▼
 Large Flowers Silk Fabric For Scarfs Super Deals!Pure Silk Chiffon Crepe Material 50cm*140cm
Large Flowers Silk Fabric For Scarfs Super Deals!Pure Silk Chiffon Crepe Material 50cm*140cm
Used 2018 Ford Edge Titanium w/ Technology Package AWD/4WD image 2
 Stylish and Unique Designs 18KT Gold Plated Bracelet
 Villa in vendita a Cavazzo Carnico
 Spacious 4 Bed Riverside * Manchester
▲
▼
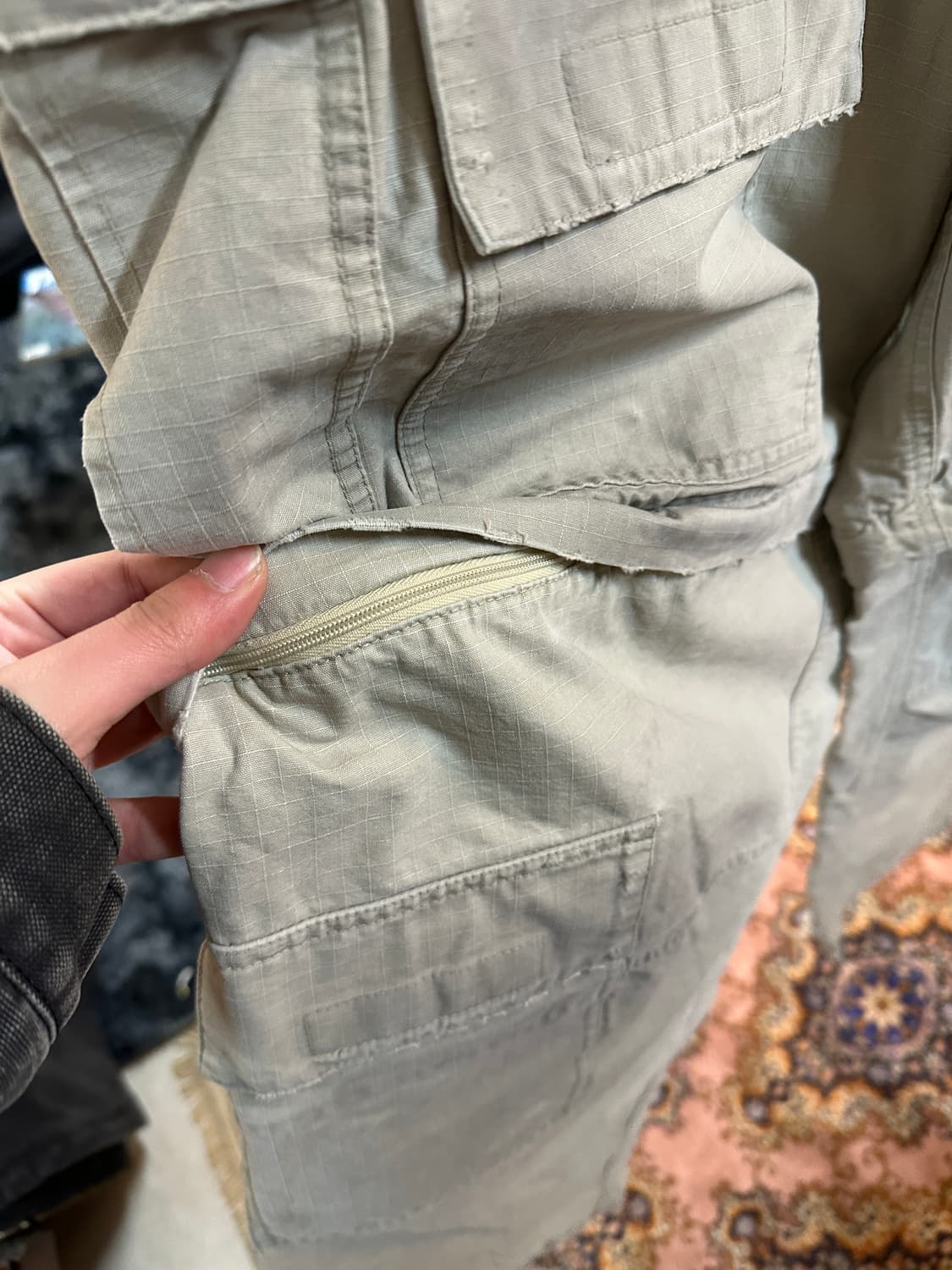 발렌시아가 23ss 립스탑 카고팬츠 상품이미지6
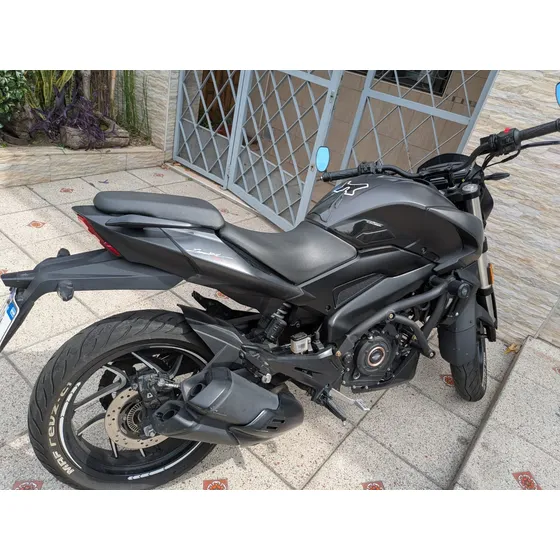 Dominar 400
▲
▼
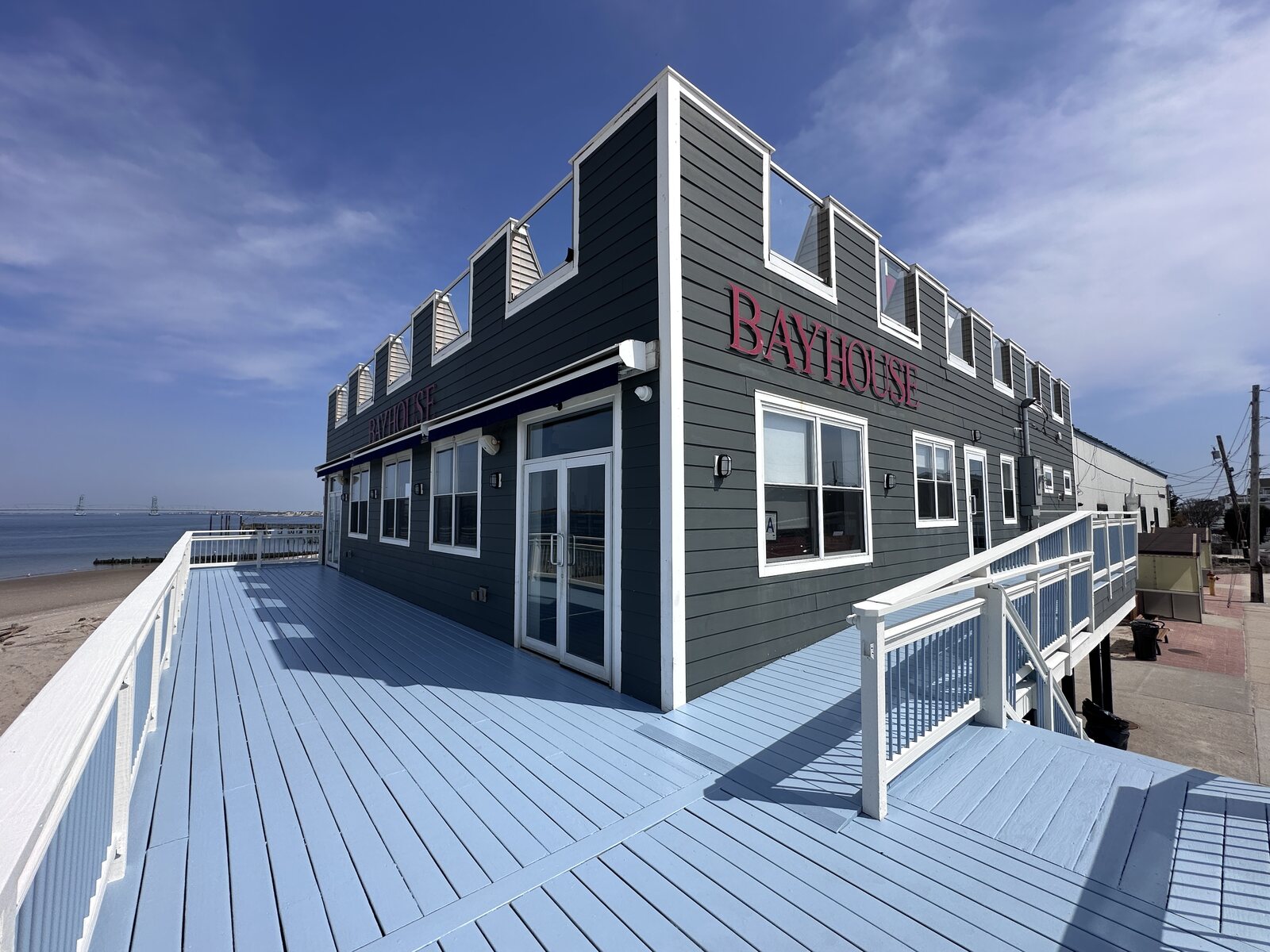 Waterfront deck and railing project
▲
What is needed:
From the entries above, give again exactly the lines running from the line with "Stylish and Unique" to the line with "Spacious 4 Bed Riverside * Manchester"; include both of those lines.

Solution for this problem:
 Stylish and Unique Designs 18KT Gold Plated Bracelet
 Villa in vendita a Cavazzo Carnico
 Spacious 4 Bed Riverside * Manchester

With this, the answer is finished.